There used to be a bignum library from a South American not around here for some years - cannot remember his name at the moment, only that he believed in Ba'hai... weird lapses between my ears ;-)
That said - if there is ANY chance you need to do more with such big numbers, I'd link in a class coded in Python via COM. Python plus Vfp via COM is not that hard (get the very old O'Reilly book with the alligator on front) and Python has 'long literal' datatype supporting any kind of whole number math with it (already tested for scientific use) plus a 'decimal' module, featuring a 'Decimal' type that provides real numbers of arbitrary size and precision (also tested), missing the typical issues inherent to binary floating-point representations.
Of course such a step adds Python to install routines - but that should not create problem unless you target thousands of users where a few are bound to have crazy machine installs already.
YMMV - this is coming from a "numbers" guy doing contortions to always have those correct...
thomas
P.S.
If you avoid long source single lines, text here is readable without 4k screen, see added >> break
>I need to convert a text. e.g 1.2.11.3 to a number like 1021103 for which I constructed a method:
>
>
>*!* PROCEDURE conversion
>LPARAMETERS lcNumberIn
>
>Local ;
> lcNewpar As String, ;
> lcNumberIn As String, ;
> lnI As Number, ;
> lnParenteel As Number
>
>
>*!* ? lcNumberIn
>m.lcNewpar = ''
>
>For m.lnI = 1 To Len(Alltrim(m.lcNumberIn ))
> Do Case
> Case !Isdigit(Substr(m.lcNumberIn ,m.lnI,1))
> m.lcNewpar = m.lcNewpar +Substr(m.lcNumberIn ,m.lnI,1)
> Case Isdigit(Substr(m.lcNumberIn ,m.lnI,1))
> m.lcNewpar = m.lcNewpar + Iif(Isdigit(Substr(m.lcNumberIn ,m.lnI,1))
>> , Padl(Substr(m.lcNumberIn ,m.lnI,1),2,'0'),Substr(lcParenteel ,m.lnI,1))
>
> Endcase
>Endfor
>m.lcNewpar = Strtran(m.lcNewpar ,'010','1')
>m.lcNewpar = Strtran(m.lcNewpar ,'.','')

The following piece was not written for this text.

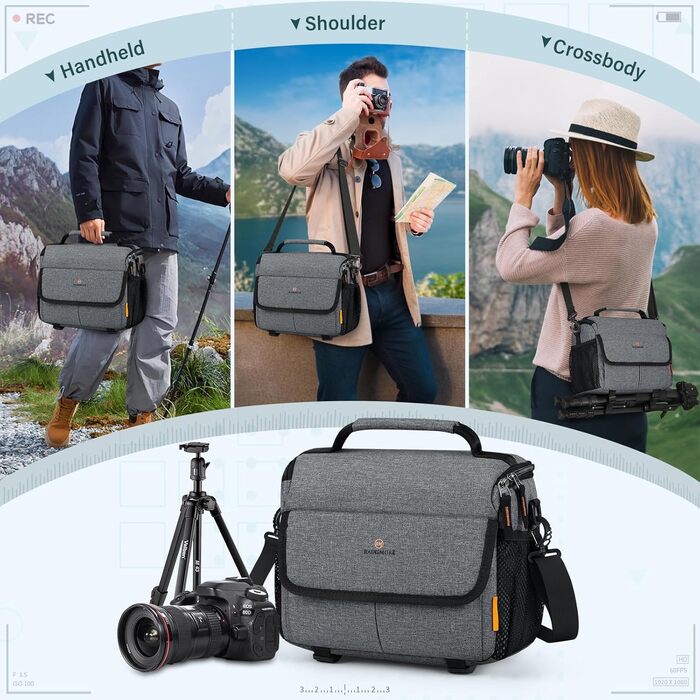 Чохол для камери RAINSMORE для DSLR/SLR: водонепроникний, ударостійкий, з дощовиком та регульованим ремінцем, сірий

>m.lcNewpar = ALLTRIM(Substr(m.lcNewpar ,2))
>RETURN val(m.lcNewpar)
>
>
>Now I come to a text 1.4.2.1.9.1.4.4.1.1.1 which would be 104020109010404010101 however this are to much digits vor VFP to handle thus my method gives 1040201090104+E
>
>How to solve for such big numbers?
>Stay healty,
>Koen